Aunque con su coleta, su barba recortada y su pequeño arete negro en la oreja izquierda podría pasar más por cantante de rock, cuando habla Lechuga demuestra tener claro su camino como autor, relacionado más con la belleza de las pequeñas cosas tan bien contadas por el mítico Juan Rulfo que con la fama.

«Todos los escritores mexicanos somos hijos de Rulfo y de su novela Pedro Páramo; unos lo llevamos mejor que otros. «‘Anoche me soñé muerta’ es la continuación de la tradición oral, una vuelta a mi origen después de doce años fuera de México, escribí con la voz de la abuela en el oído», comenta en entrevista con Efe.

La obra describe en 99 capítulos breves, uno de ellos de solo 10 palabras, las tradiciones de Pahuatlán, en el estado de Puebla, con sus maneras de asumir la pobreza, las supersticiones, la religión y las relaciones humanas con toques de magia y de situaciones poco creíbles sacadas de hechos reales de cuando el novelista era niño.

Lechuga está obsesionado con el ajedrez, quizás por eso en su obra no aplasta con imaginación, sino con su buena memoria para atraer los hechos inverosímiles de su infancia y pintarlos con palabras con solo un poco de maquillaje.

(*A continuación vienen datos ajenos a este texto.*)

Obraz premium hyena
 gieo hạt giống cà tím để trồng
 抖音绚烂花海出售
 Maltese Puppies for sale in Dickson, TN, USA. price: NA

«Entonces la televisión de casa era un armatoste como ataúd y mi padre ideó atar unos tubos para poner más alta la antena que plantó en la punta de una loma. Conocí el teléfono a los seis años, mi primo José Alfredo manejaba la centralita del pueblo y yo me di gusto escuchando conversaciones de infidelidades, traiciones y planes de tipos para robarse a sus novias», cuenta.

Si bien la gracia de su literatura está relacionada con una base sólida de lecturas, en la prosa de Lechuga se notan los signos de quien ha vivido parte de su vida en caída libre, con una juventud desordenada en sus tiempos de poeta y una emocionante vida de ilegal en Barcelona, donde residió cinco años sin papeles.

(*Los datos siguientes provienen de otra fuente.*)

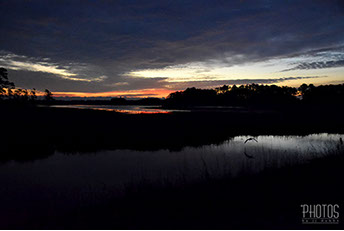 Chincoteague Island National Wildlife Refuge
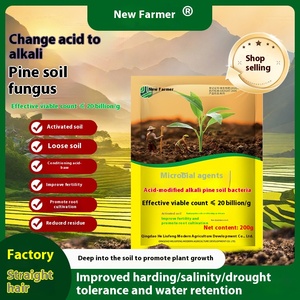 Phân bón hữu cơ cho acid-kiềm điều chỉnh đất nới lỏng vi khuẩn kích hoạt cho tăng trưởng rễ tăng sản xuất và thu nhập - Product Image 2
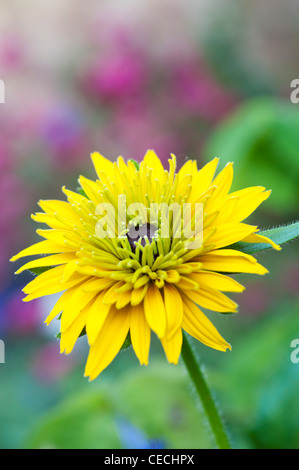 Rudbeckia hirta 'Cherokee Sunset'. Coneflower, black-eyed Susan Banque D'Images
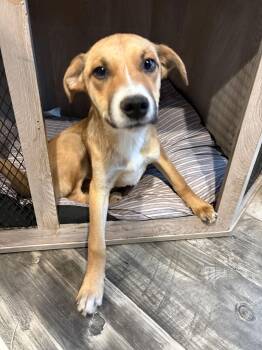 Mixed Breed Dogs Available for Adoption - Edisto | PetCurious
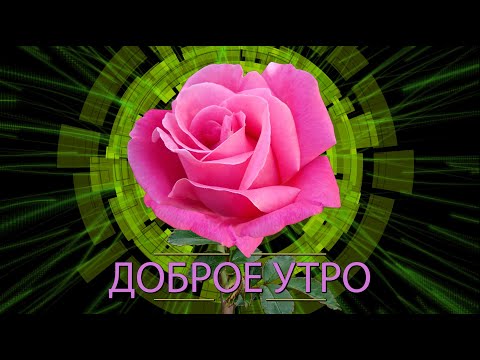 ✅Доброе утро!✅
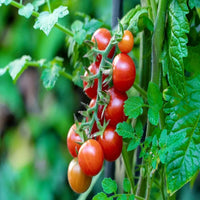 Pink and Gelb Tomate Samen zum Pflanzen - Gemüsesamen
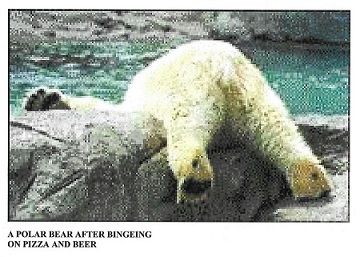 polar bear image.jpg
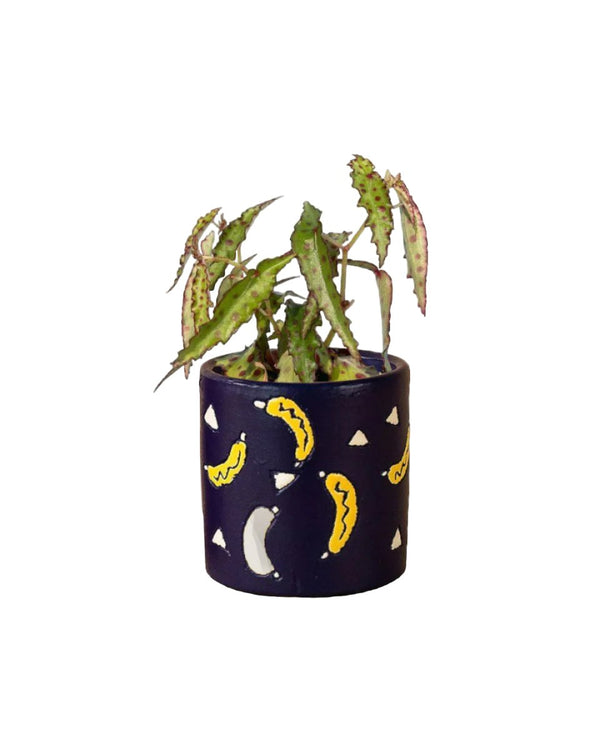 Pink Spotted Begonia paired with banana pot - blue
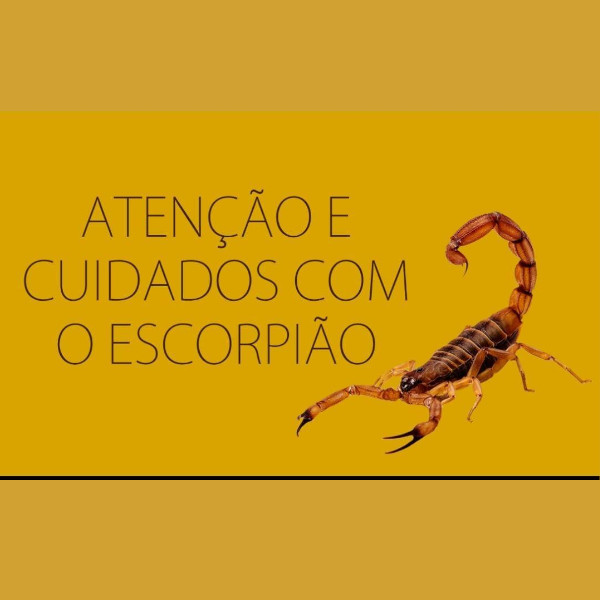 Aumenta o aparecimento de escorpiões e pragas urbanas por causa das chuvas, alerta Saúde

«Me sentí extranjero de verdad desde lo prohibido, desde un sitio donde el Estado y los políticos me dijeron, eres ilegal. Por una frontera puede pasar un cargamento de cocaína, otro de armas o cuatro riñones, pero un hombre no. Ahí está lo interesante», dice.

A veces mira de frente, otras al horizonte mientras bebe pequeños sorbos de café con hielo. Dice sentir respeto por sus colegas, a los cuales lee, pero reconoce estar lejos de la mayoría de ellos porque su literatura de fantasmas y magos no le interesa a casi nadie.

«Al escribir me tiro sin red con impertinencia, en la vida igual, ahora un poco menos porque hace cinco años que soy padre. Decía el chileno Roberto Bolaño, hacer literatura es lanzarte del séptimo piso con los ojos abiertos, o sea percatándote de que en dos segundos te va a llevar la chingada», recuerda.

Es un romántico, pero defiende la idea de que el arte no puede mirar al lado mientras en México las cosas estén difíciles como están, aunque su idea de cómo acabar con los bribones está relacionada más con la de un pacifista que con la de un guerrero.

«Hace poco estuve en mi pueblo con mi hija Citlali, nos subimos a una rueda de la fortuna impulsada por un motor de auto, te juegas la vida en eso, pero la niña estaba feliz mientras saludaba a los árboles y los pájaros», cuenta.

Entonces, «empezó a llover y me cagué de miedo allá arriba; ella en cambio sacó la mano y dijo, hola gotita. Si tiramos por ahí, nos salvaremos, si no nos va a llevar la chingada».